Es ist geplant, dass zumindest Ausländer und Doppelstaatler, darunter auch Deutsch-Palästinenser, den Gazastreifen Richtung Ägypten verlassen können. Viele warten seit Tagen verzweifelt mit kleinen Kindern und Koffern im Gazastreifen direkt an der Grenze und hoffen, bald rauszukommen. Doch bislang ist das nicht gelungen: Medienberichten zufolge hatte sich Ägypten zwar mit US-Außenminister Antony Blinken darauf verständigt, die Grenze zu öffnen, aber es mangelte bislang Berichten zufolge offenbar an Sicherheitsgarantien von Seiten der Terrororganisation Hamas und Israel.

Durch die israelischen Bombardements des Grenzübergangs soll die Zufahrtsstraße zur Grenze im Gazastreifen beschädigt sein – auch das könnte humanitäre Hilfe weiter verzögern. Dabei wird die Lage immer angespannter – auch durch den Raketeneinschlag am Dienstag in einem Krankenhaus in Gaza-Stadt mit palästinensischen Angaben zufolge Hunderten Toten und vielen Verletzten.

Noch ist vollkommen unklar, wer für den Einschlag verantwortlich ist. Die von der Terrororganisation Hamas kontrollierte Gesundheitsbehörde im Gazastreifen sowie mehrere arabische Staaten machen Israel verantwortlich - die israelische Armee hat dies entschieden zurückgewiesen und Luftaufnahmen veröffentlicht, die beweisen sollen, dass eine fehlgeleitete palästinensische Rakete eingeschlagen ist.
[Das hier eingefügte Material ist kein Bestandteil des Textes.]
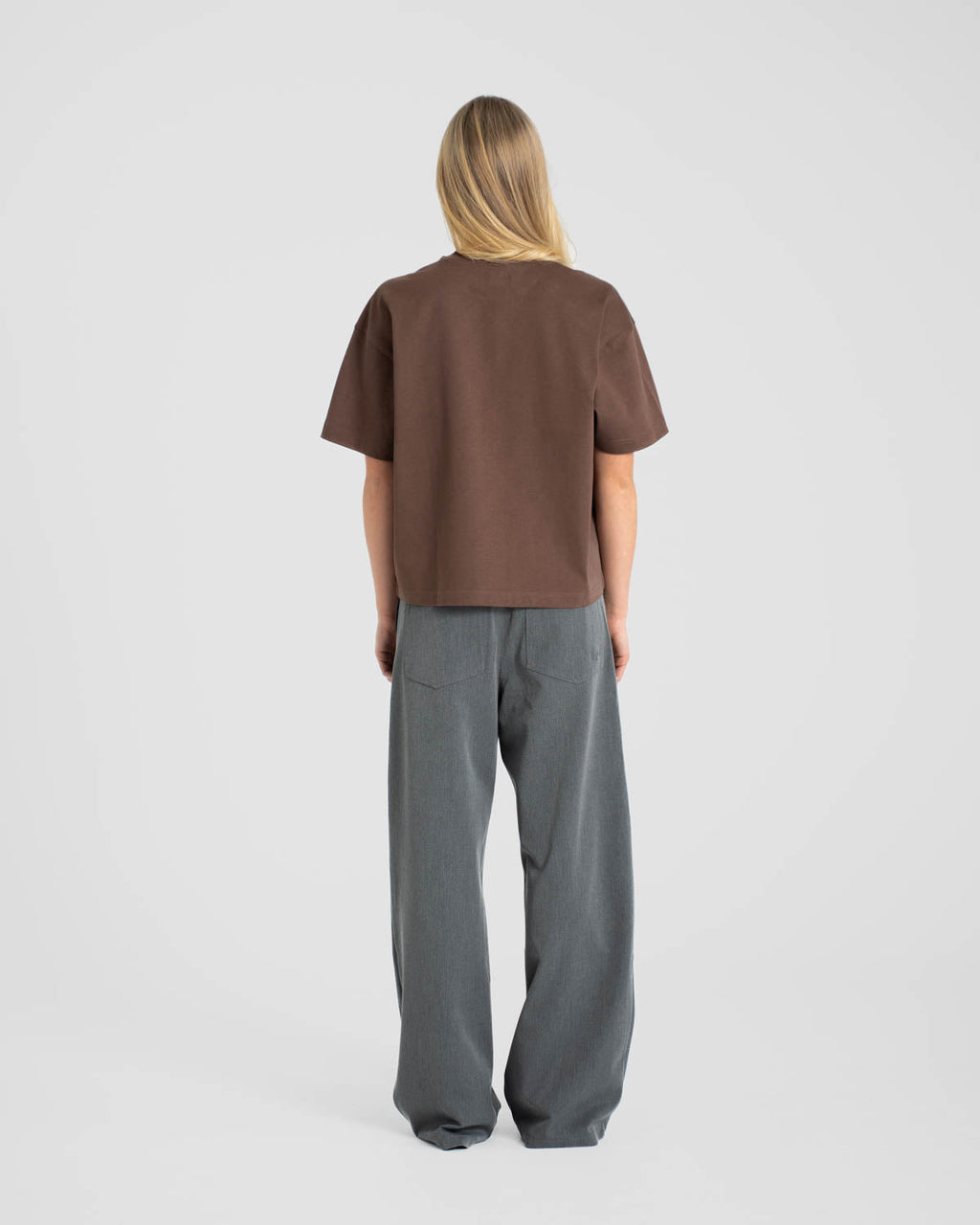 Blank T-shirt Brown dame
Karte: Übersicht des Gazastreifens

"Die Zivilbevölkerung fühlt sich als Zielscheibe"

Wer für den Einschlag verantwortlich sei, das sei Spekulation und müsse untersucht werden, sagte Matthias Schmale, mehrere Jahre Direktor des Palästinenserhilfswerks der Vereinten Nationen in Gaza, im Interview mit BR24. "Keine Spekulation ist, dass die Menschen im Gazastreifen nach elf Tagen Bombardierung keinen sicheren Zufluchtsort mehr haben", berichtete Schmale.

Am Morgen habe ihm ein Freund geschrieben. "Wir sind müde, wir wissen nicht mehr, was wir tun können." Auch eine UN-Schule in Gaza sei beschossen worden, mindestens sechs Menschen seien dabei ums Leben gekommen. "Ich glaube, dass die Zivilbevölkerung den Eindruck hat, dass sich das jetzt auf einem ganz anderen Level bewegt, als das, was sie vorher erlebt haben." Die Trinkwasserversorgung etwa sei nicht gesichert, so Schmale: "Mir berichten Freunde aus dem Gazastreifen, dass sie mittlerweile salziges Wasser trinken müssen. Das hört sich an, wie ein nackter Überlebenskampf. Die Zivilbevölkerung fühlt sich als Zielscheibe."

Christian Katzer, Geschäftsführer der deutschen Sektion von Ärzte ohne Grenzen, erinnerte daran, dass es einen sicheren Zugang für humanitäre Hilfe brauche. Die Lage habe sich nach dem Raketeneinschlag weiter verschlimmert. Medizinische Teams arbeiteten "mit dem letzten, was noch da ist". Die Organisation verhandele mit den Konfliktparteien und Ägypten, um einen Zugang zu ermöglichen. Am Grenzübergang zwischen Gaza und Ägypten stecken laut den Vereinten Nationen aktuell Hunderte Tonnen an Hilfsgütern fest. Katzer zufolge müssen Behandlungen in Gaza teils ohne Schmerzmittel durchgeführt werden.

Rotes Kreuz warnt: Leben von über zwei Millionen bedroht

Das Internationale Komitee vom Roten Kreuz (IKRK) warnte vor einem Kollaps des Gesundheitssystems in Gaza. "Die Lage ist äußerst prekär", sagt Präsidentin Mirjana Spoljaric Egger im Deutschlandfunk.

Die Krankenhäuser seien überfüllt. Es fehle an Ärzten, Material, Betten und Operationssälen. "Es ist eine Frage von Stunden oder Tagen, bis das ganze System zusammenbricht." Das Leid der Menschen sei unerträglich, sagte die Schweizer Diplomatin weiter. Im Gazastreifen drohe eine Katastrophe unbeschreiblichen Ausmaßes. Das Leben von über zwei Millionen Menschen sei bedroht. Spoljaric Egger unterstrich, dass Zivilisten durch das humanitäre Völkerrecht geschützt seien. Alle müssten sich daran halten.